I can see that point of view too.  But those consequences don't apply just to Trump voters, mores the pity.  And shutting down the govt means that everyone who depends on govt for their income is without an income while it's shut down.  And if Congress shuts down, TrumpElon won't be shy about keeping it shut.

There's lots of reasons I'd be happy to see Schumer gone, but I don't envy him this particular position.

seafoid


    https://www.ft.com/content/4a09e73d-069f-42c1-bc4c-1d8537c0f00c
Trump's incoherent economic agenda
The White House's mishmash of radical policies is sapping confidence in America

    It now appears that neither a slowing economy nor plunging stock prices are enough to deter US President Donald Trump from his radical economic agenda. Beyond promising to buy a Tesla to prop up the beleaguered stock of Elon Musk's enterprise, he is in fact doubling down. Asked about the economic and market turbulence, the self-proclaimed "tariff man" argues that a "period of transition" may be necessary as his administration brings "wealth back to America". It is "a detox period" according to Treasury Secretary Scott Bessent. The cleanse has, so far, raised the spectre of stagflation, wiped $5tn off the S&P 500, and undermined the nation's standing with global investors.

The short-term pain might be easier to digest if the means — and the ends — were intelligible. Indeed, if the overarching goal is to, however vaguely, "Make America Great Again", then the hotchpotch of economic measures that Trump has so far offered lacks any coherent theory of change to get there.
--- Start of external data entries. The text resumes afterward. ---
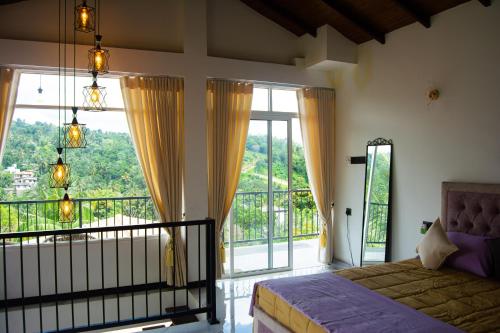 a bedroom with a bed and a balcony with windows at Mulberry villa in Kandy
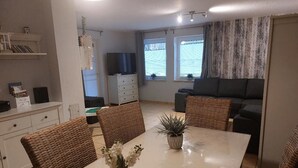 A dining area with a white table, wicker chairs, a vase with flowers, a television, and a sofa in the background. - Komfortable Ferienwohnung in Wenkendorf (Fehmarn)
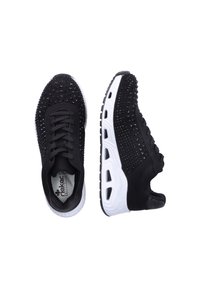 Baskets noires avec des clous décoratifs, tige en tissu texturé et semelle intermédiaire blanche contrastante. Forme arrondie avec lacets et col rembourré.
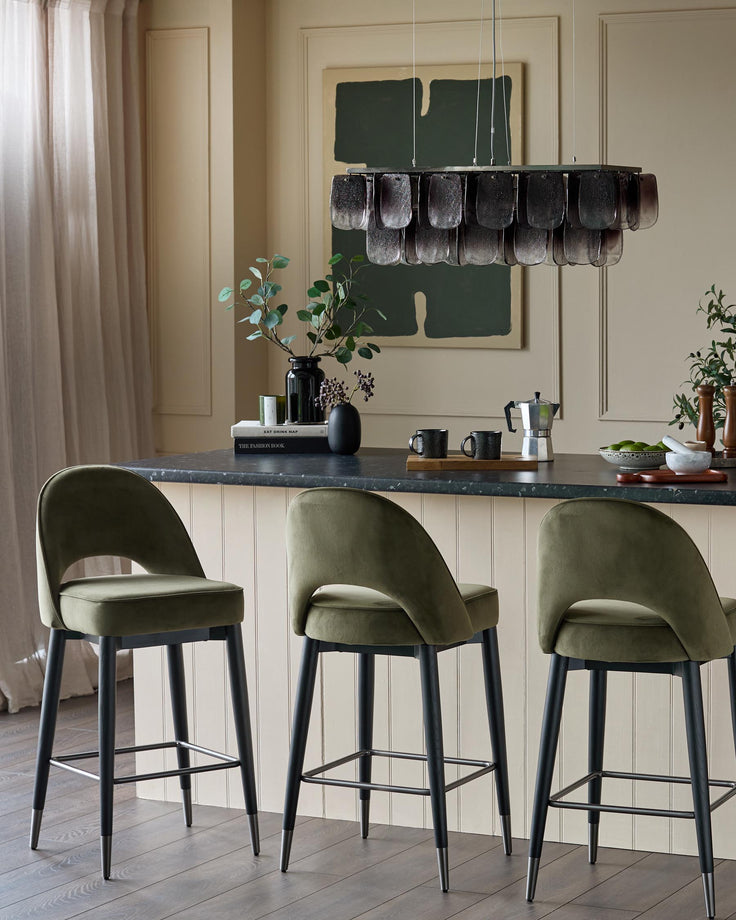Three stylish green velvet bar stools with black legs, set at a kitchen island, creating a modern, elegant look.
Take Trump's central plan to rebuild 25th president William McKinley's tariff wall around America. The idea is to urge foreign companies to set up factories in the country, spur a renaissance in manufacturing jobs, and use revenues from import duties to slash taxes. These aims are antithetical: if more production did shift to the US, tariff revenues would suffer. Then there's Musk's so-called Department of Government Efficiency. Curbing bureaucratic excess is worthwhile. But Doge has been undermining its own efforts. It recently sacked a team responsible for using technology to streamline public services. A plan to cut the Internal Revenue Service's staff by as much as half would also weaken tax collection.

Next, Trump wants the US shale sector to "drill, baby, drill". But his team has also indicated a desire to see crude prices fall to support consumers, perhaps to $50 a barrel or lower. That would be uneconomical for US producers. US energy secretary Chris Wright added this week that higher oil production could come through innovation. If so, fomenting economic uncertainty, including through on-and-off tariffs, is no way to encourage it or the broader manufacturing boom the administration seeks. Trump's national strategic reserve of Bitcoin — an inherently volatile asset, with a lack of obvious utility — is another befuddlement.

Finally, there's the rumoured effort to weaken the dollar — perhaps in a so-called "Mar-a-Lago accord" — to help turn America into an industrial export powerhouse. A global deal would probably be a non-starter when key trade partners are peeved by Trump's tariff threats. Nor does everyone in the administration seem to be on the same page. Bessent recently insisted that the Treasury's strong dollar policy remained intact.

What can investors and companies deduce from all this? One is that assuming this administration will operate coherently is a gross oversight. Some even wonder if the chaos is part of a deliberate grand plan to restructure America's economy and its place in the global system. Either way, the end result is a loss of economic confidence. Now even the promise of tax cuts and deregulation is losing its allure amid the unpredictability.

Trump may continue to paint a weakening economy and falling markets as part of a disruptive yet necessary shift for America's greater good. But the longer his methods remain inscrutable, while heaping costs on to households, businesses and investors, the harder that sell will become. Indeed, rather than trading pain today for a brighter tomorrow, it seems increasingly as though America is swapping its long-established model for an amorphous and far-fetched notion of a future one.